In a world of suicide bombers, there is only so much protection that high walls can provide and only so long you can live safely in a fortress regardless of how crucial these measures are painted to be. While these measures may be necessary for the sense of security they provide to some, they must address some crucial, long-term concerns.
Some schools have not opened yet and may not open at all because they do not have the funds to adopt the security measures imposed. How do you explain to a child that he/she can’t go to school because it’s not safe enough, that there are not enough guns at school yet, that the walls are not high enough? But many children would have to be explained just that.

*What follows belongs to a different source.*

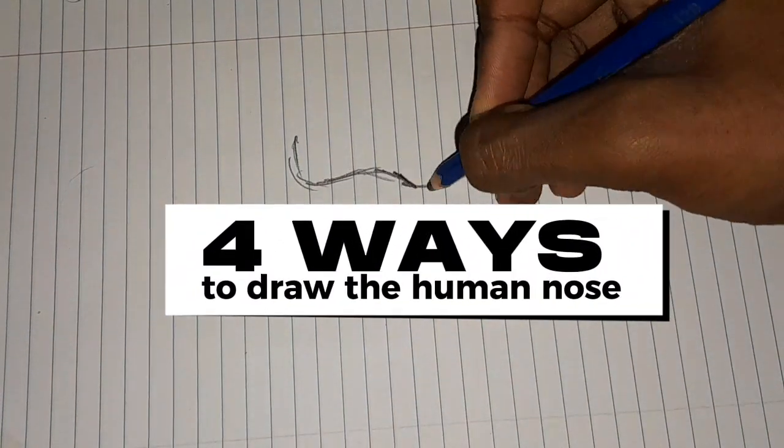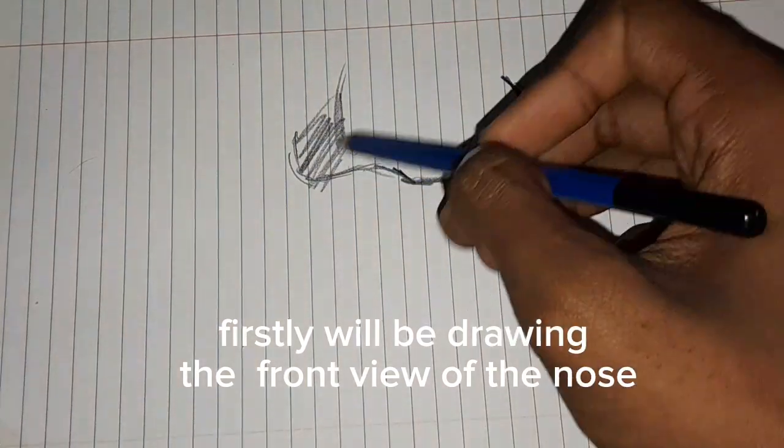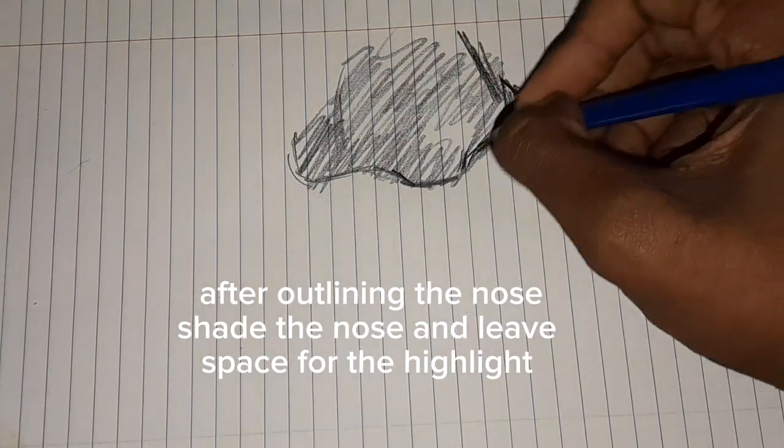Four ways to draw the human nose. Firstly, we'll be drawing the front view of the nose. After outlining the nose, shade the nose and leave space for the highlight.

Today, the victims of violence are not the 40,000 or 50,000 or any of the vague estimates that make their way as facts in our public narrative. It is those 40,000 and their families, it is those countless injured who we rarely ever count as victims, it is the parents who are on the edge when their child doesn’t pick up their phone on time, it is you and I, it is our children who can, in the formative years of their lives, differentiate between a suicide attack and other explosions.
Despite the violence this country has gone through, there is no separate mental health budget and funds on mental health remain a mere one per cent of the total health budget, according to the Karachi Mental Health Report published in 2013. It is high time some experts were trained to deal with the psychological devastation and this health emergency we are faced with. It is surely more important for us than adding more bricks to a wall.

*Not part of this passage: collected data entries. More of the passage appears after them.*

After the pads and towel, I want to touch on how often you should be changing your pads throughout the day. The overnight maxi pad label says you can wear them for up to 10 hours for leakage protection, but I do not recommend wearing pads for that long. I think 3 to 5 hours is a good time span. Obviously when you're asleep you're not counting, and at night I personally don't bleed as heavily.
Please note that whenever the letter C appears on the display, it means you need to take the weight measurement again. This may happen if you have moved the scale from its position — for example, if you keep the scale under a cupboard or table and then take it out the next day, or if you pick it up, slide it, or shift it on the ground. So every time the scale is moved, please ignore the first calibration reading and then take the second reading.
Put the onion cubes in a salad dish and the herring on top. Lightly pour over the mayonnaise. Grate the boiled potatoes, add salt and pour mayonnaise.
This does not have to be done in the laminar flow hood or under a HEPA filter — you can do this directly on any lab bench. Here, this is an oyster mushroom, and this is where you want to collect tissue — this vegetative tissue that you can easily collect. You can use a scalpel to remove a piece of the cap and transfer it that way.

But there is not even enough time here to absorb an incident or think about long-term solutions before narratives are changed and focus is shifted. Within days of the school massacre, the conversations and concerns shifted to suspension of the moratorium on the death penalty, then the executions started, the military courts, the terrorism policy, the snipers on school rooftops…
Before we can even mourn the death of children, we are told it’s time to glorify sacrifice — however involuntary — and are made to find reasons in death. Hours after the blood was washed away after the attack near the Wagah border, which although happened just in November now seems to have occurred ages ago, men, women and children cheered and chanted nationalistic slogans as many behind their computer and television screens supported them in spirit. As opposed to debating who these people were, so enthusiastic, so eager, so willing to celebrate before the smell of blood had gone away, before we got a chance to think who was responsible, it was time to move on.
Once again it’s time to move on and focus on solutions that are difficult to believe in. In these quick changes in narrative, we lose our right to grieve, think, question. How can our right to mourn be so quickly snatched away? Surely there must be more to our existence than only creating meaning in death.
Published in The Express Tribune, January 26th, 2015.